Advertising and Marketing

Starz’s total advertising costs were $116.1 million, $110.4 million and $113.5 million for the years ended December 31, 2015, 2014 and 2013, respectively. Total marketing costs were $41.1 million, $33.9 million and $35.0 million for the years ended December 31, 2015, 2014 and 2013, respectively.

Major Customers and Suppliers

Two Starz Networks’ Distributors each accounted for more than 10% of Starz’s total revenue and together accounted for 41%, 36% and 34% of Starz’s total revenue for the years ended December 31, 2015, 2014 and 2013, respectively. There were no other Distributors or other customers that accounted for more than 10% of revenue in any year. Starz’s premium networks and services are provided to these Distributors pursuant to affiliation agreements with varying terms.

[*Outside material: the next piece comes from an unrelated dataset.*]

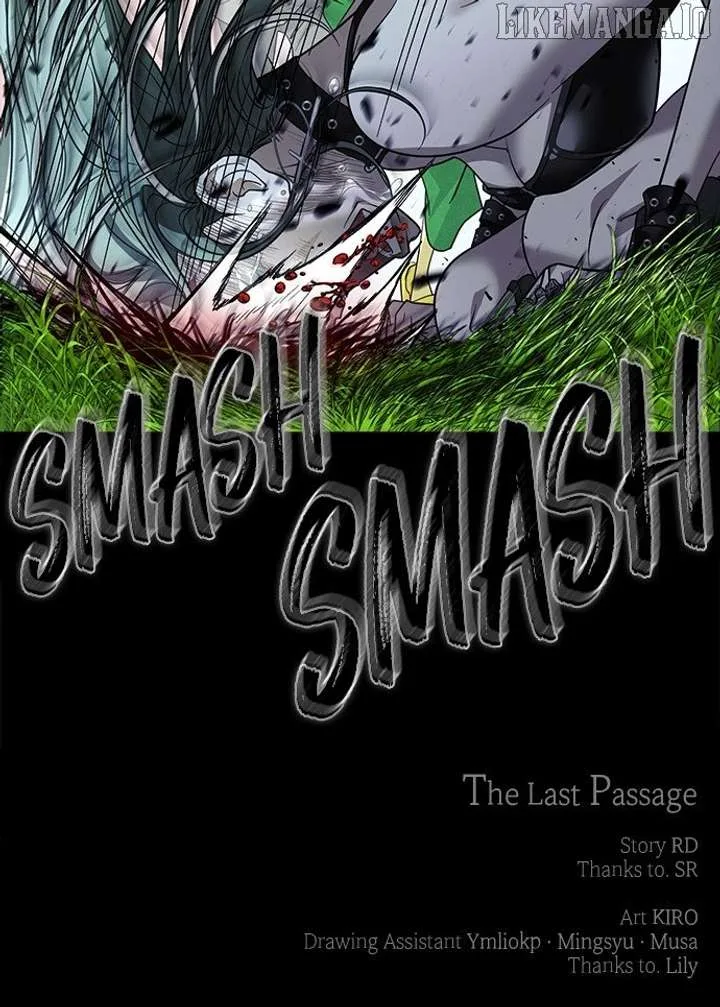Book of the Dead Chapter 63 page 104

As discussed in Note 11, Starz has entered into agreements to license theatrically released films from studios owned by Sony (through 2021) and Disney (through 2015). Films are available to Starz for exhibition generally 8-13 months after their theatrical release.

Anchor Bay Entertainment outsources substantially all of its home video distribution services, including DVD manufacturing and distribution to Twentieth Century Fox Home Entertainment LLC. The agreement expires on June 30, 2020.

Foreign Operations

Revenue generated outside of the U.S. represented 5%, 4% and 5% of consolidated revenue for each of the years ended December 31, 2015, 2014 and 2013, respectively.  Net long-lived assets outside the U.S. were less than 1% of consolidated net long-lived assets as of December 31, 2015 and 2014.